VANCOUVER - The prosecution got the opportunity Friday to challenge the story of a Vancouver Island father who denies killing his two young girls.
Andrew Berry is charged with second-degree murder in the stabbing deaths of six-year-old Chloe Berry and four-year-old Aubrey Berry on Christmas Day 2017.
The girls were found in their rooms at Berry's Victoria-area apartment and he was found naked and injured in the bathtub.
The Crown's theory is that Berry killed the girls and then tried to kill himself, but Berry has testified he owed thousands of dollars to a loan shark named Paul and was attacked in his apartment. When he came to, he said he found his daughter's dead.
Prosecutor Patrick Weir had rapid-fire questions about Paul in a cross-examination that was fiery at times.
Weir questioned Berry for more details about the loan shark.
"It wasn’t a friendship. It was a transaction," Berry answered.

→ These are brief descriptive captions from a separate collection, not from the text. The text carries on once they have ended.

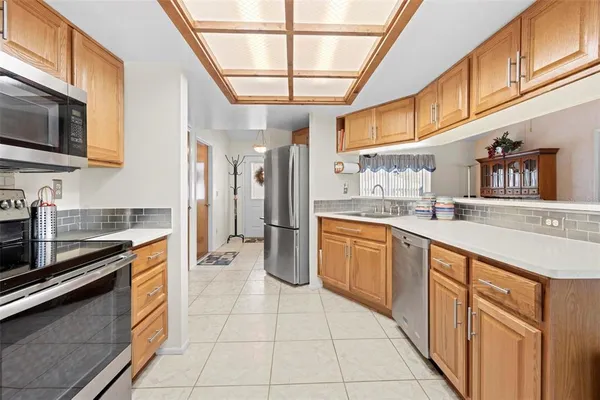 a kitchen with stainless steel appliances granite countertop a sink and cabinets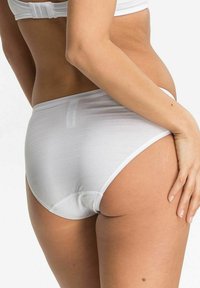 Frau in weißer Unterwäsche und weißem BH, von hinten und von der Seite gezeigt, mit einer Hand auf der Hüfte vor einem schlichten Hintergrund.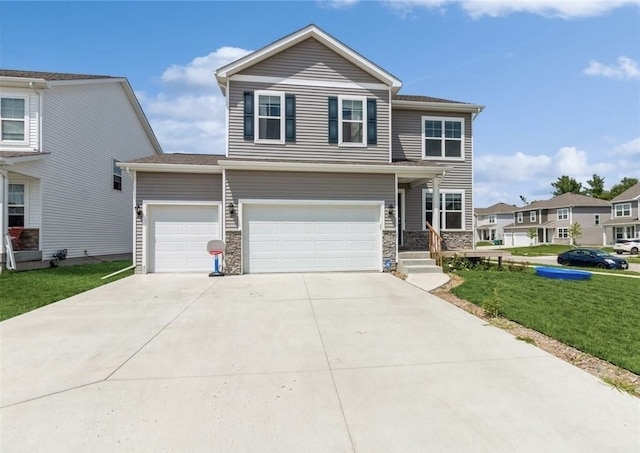 view of front facade featuring a front lawn and a garage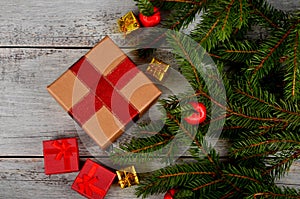 Empty Gray wooden board background with green spruce branches on one side and gift boxes.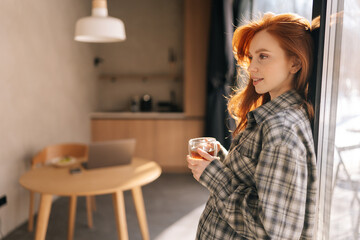 Side view portrait of pretty young woman holding cup enjoy smell coffee or tea and drinking with happiness standing by window on sunny morning. Smiling female enjoys good morning feels stress free.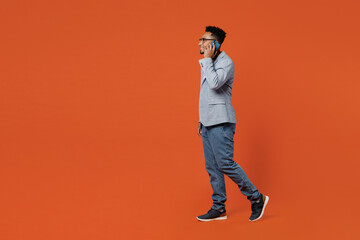 Naklejka premium Full body side view young employee business man corporate lawyer wear classic formal grey suit shirt glasses work in office talk speak mobile cell phone isolated on plain red orange background studio.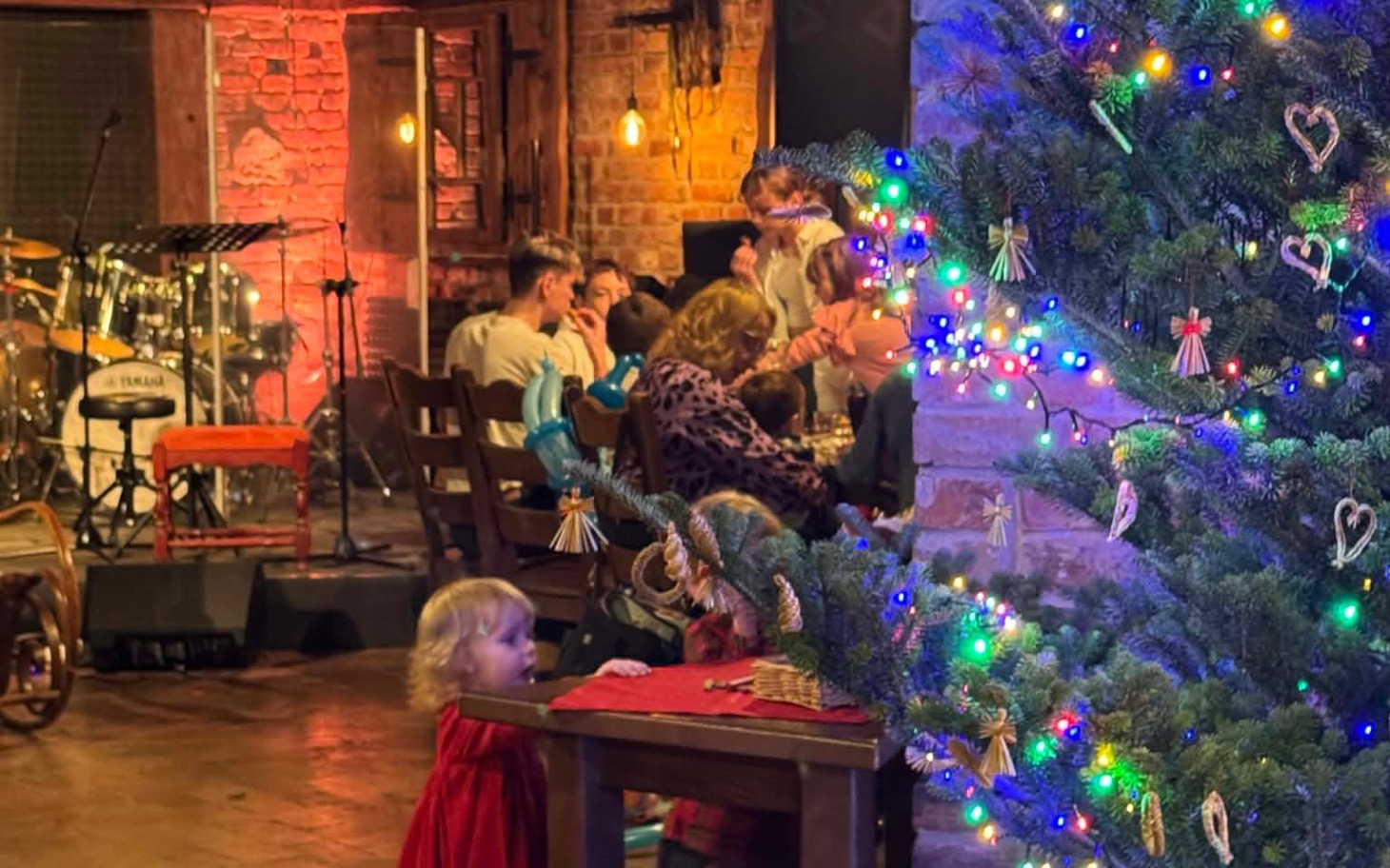 
        Świąteczne spotkanie z choinką i ludźmi w tle.
    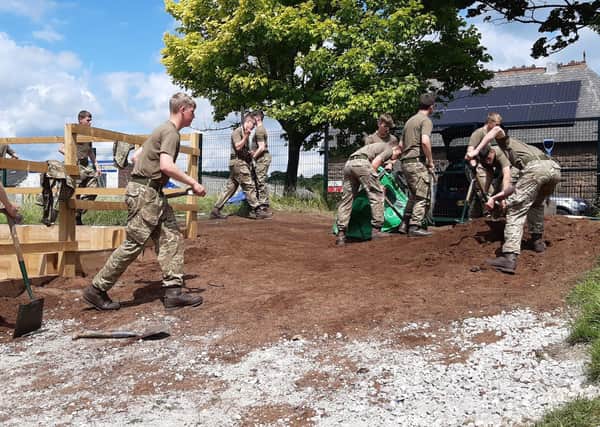 Soldiers from 14 Platoon P-Coy of the Army Foundation College helped to create raised beds, using topsoil donated by Arkendale landscape supplies firm Green-tech, for a community allotment at

 

New Park Primary Academy in Harrogate.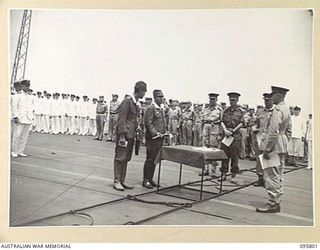 AT SEA OFF RABAUL, NEW BRITAIN. 1945-09-06. LIEUTENANT GENERAL V.A.H. STURDEE, GENERAL OFFICER COMMANDING FIRST ARMY TALKING TO GENERAL H. IMAMURA, COMMANDER EIGHTH AREA ARMY, THROUGH AN ..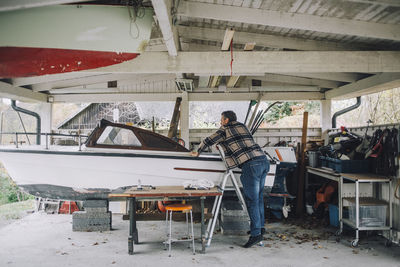 Mature man repairing speedboat in garage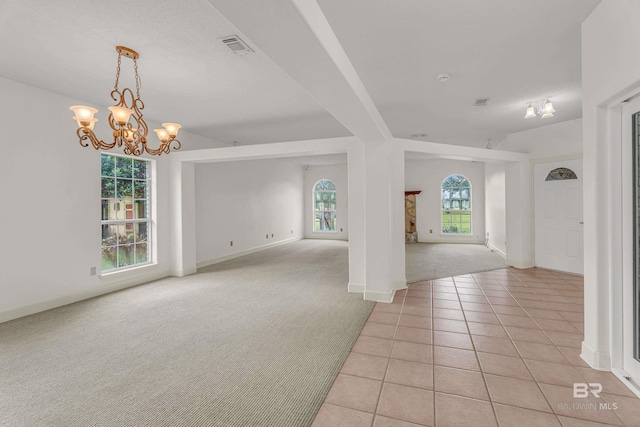 interior space featuring visible vents, light tile patterned floors, baseboards, an inviting chandelier, and light carpet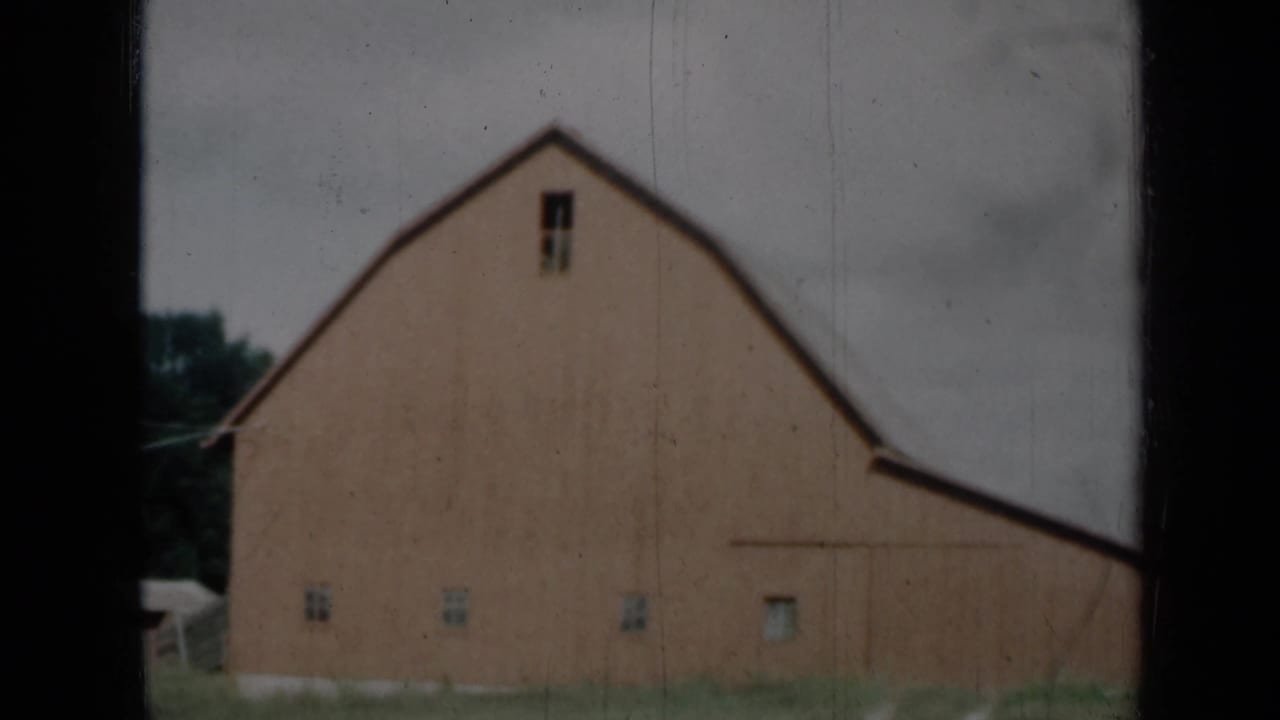 1961 Missouri frame showing the barn facade from a slightly shifted angle, with small windows, grass, trees, cloudy sky, and dark side framing.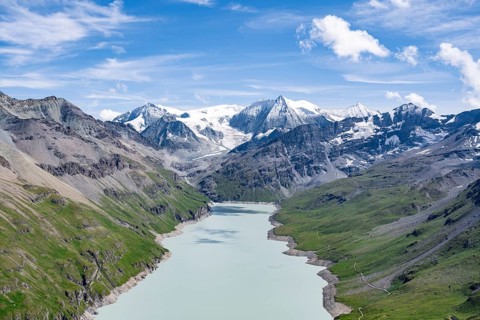 Blue mountain lake in a mountain landscape with glaciers, Lac des Dix reservoir and Mont Blanc de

Weir asked what else Berry knew about the man that he owed $25,000.
Berry said Paul was in his 30s when Berry first got to know him about 20 years ago, tall, Chinese, wore collared shirts, sounded Canadian, had a few girlfriends and dated someone who worked for the airline Cathay Pacific.
Berry told his jury trial he didn't know Paul's last name.
In January 2017, Berry said he took a loan of $10,000 from Paul who he had met at River Rock Casino at an interest rate of $2,000 a week.
He testified that he decided to quit his job at BC Ferries so he could cash his pension and pay Paul the loan. He said Paul agreed to the proposal on the condition that he could store a bag in Berry's apartment.
Paul later demanded a set of keys to his apartment, Berry said.
Weir said nothing about the story made sense.
"Can you think of any reason why Paul who you were storing a bag for ... had a key to your apartment, would do this?" Weir asked.
"None of this makes sense," Berry answered. "I don’t know what his possible motivations could be."
Weir asked Berry about his time in the hospital after his daughter's death and why he felt he was under arrest.
"Didn’t you want to say, 'you’ve got it all wrong?'" Weir asked.
"I needed a lawyer," Berry said. "I was under arrest and that’s just what it felt like."
The trial has already heard that police found a note at the crime scene. It was written by Berry, addressed to his sister, and detailed grievances with relatives and the girls' mother.
"Betrayed, bullied, and miscast I set out to leave with the kids," the letter read. "But I thought it better for myself and kids to escape."
The note contained Berry's passwords and banking information.
But Berry has testified that the note was old. He had written it a month earlier when he tried to kill himself, but survived.